Work instructions - What is needed is an exact repetition of the lines below, from the first one through the one holding "Anne Klein - Side Ruched Midi Dress - Lyst", with no pictures and nothing else.

- Opening Delimiter -

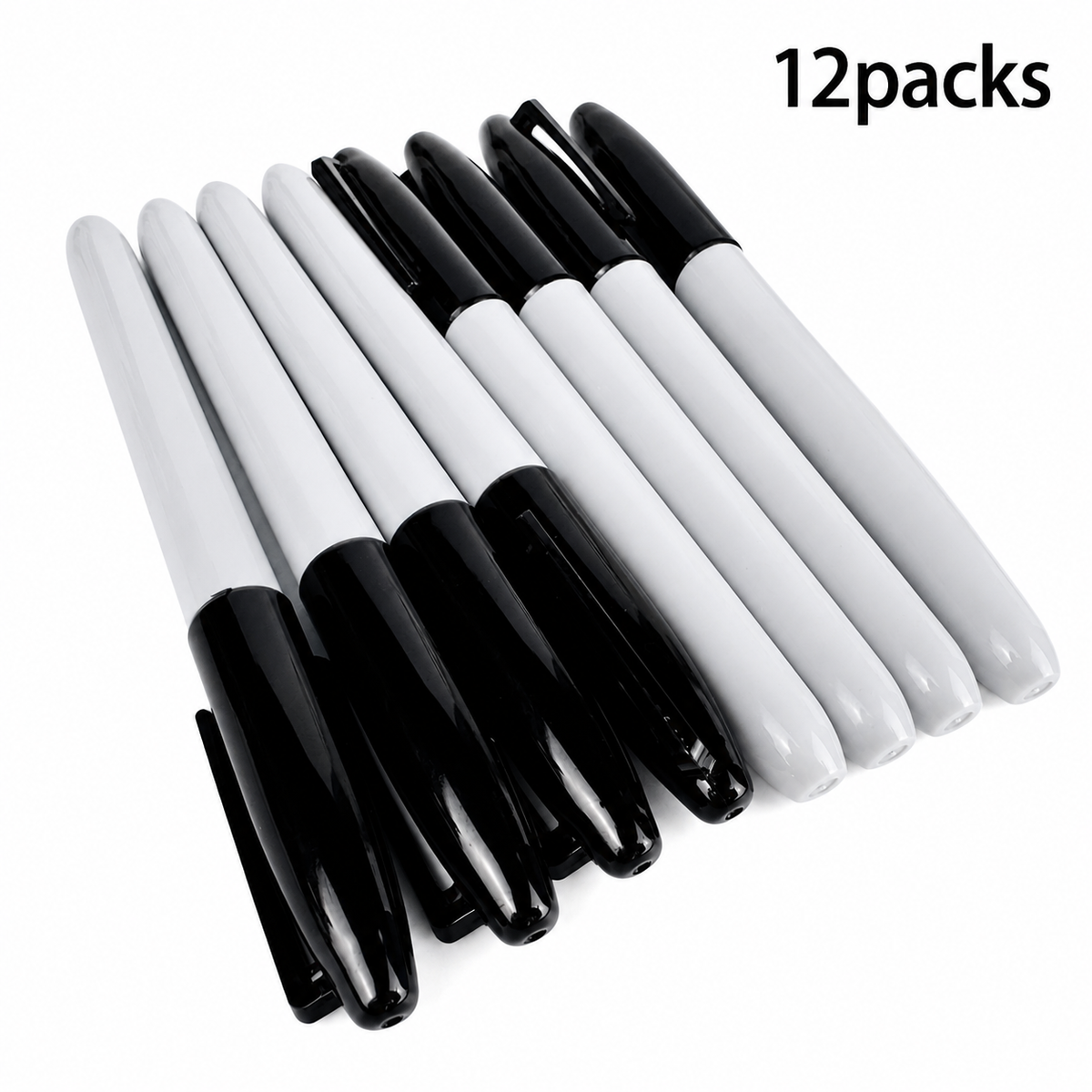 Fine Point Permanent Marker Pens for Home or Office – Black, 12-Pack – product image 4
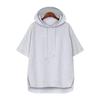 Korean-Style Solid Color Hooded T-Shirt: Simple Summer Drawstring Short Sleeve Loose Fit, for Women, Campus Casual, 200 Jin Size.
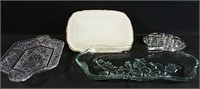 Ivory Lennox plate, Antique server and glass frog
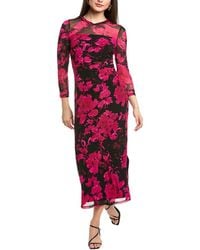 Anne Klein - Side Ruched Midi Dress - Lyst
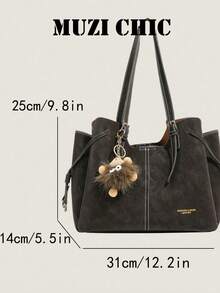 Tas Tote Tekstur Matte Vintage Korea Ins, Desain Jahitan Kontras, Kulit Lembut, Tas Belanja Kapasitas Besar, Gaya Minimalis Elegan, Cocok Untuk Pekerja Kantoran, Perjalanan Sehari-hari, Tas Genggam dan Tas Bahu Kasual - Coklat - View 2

- Closing Delimiter -

The answer -
 Fine Point Permanent Marker Pens for Home or Office – Black, 12-Pack – product image 4
 Korean-Style Solid Color Hooded T-Shirt: Simple Summer Drawstring Short Sleeve Loose Fit, for Women, Campus Casual, 200 Jin Size.
 Ivory Lennox plate, Antique server and glass frog
 Anne Klein - Side Ruched Midi Dress - Lyst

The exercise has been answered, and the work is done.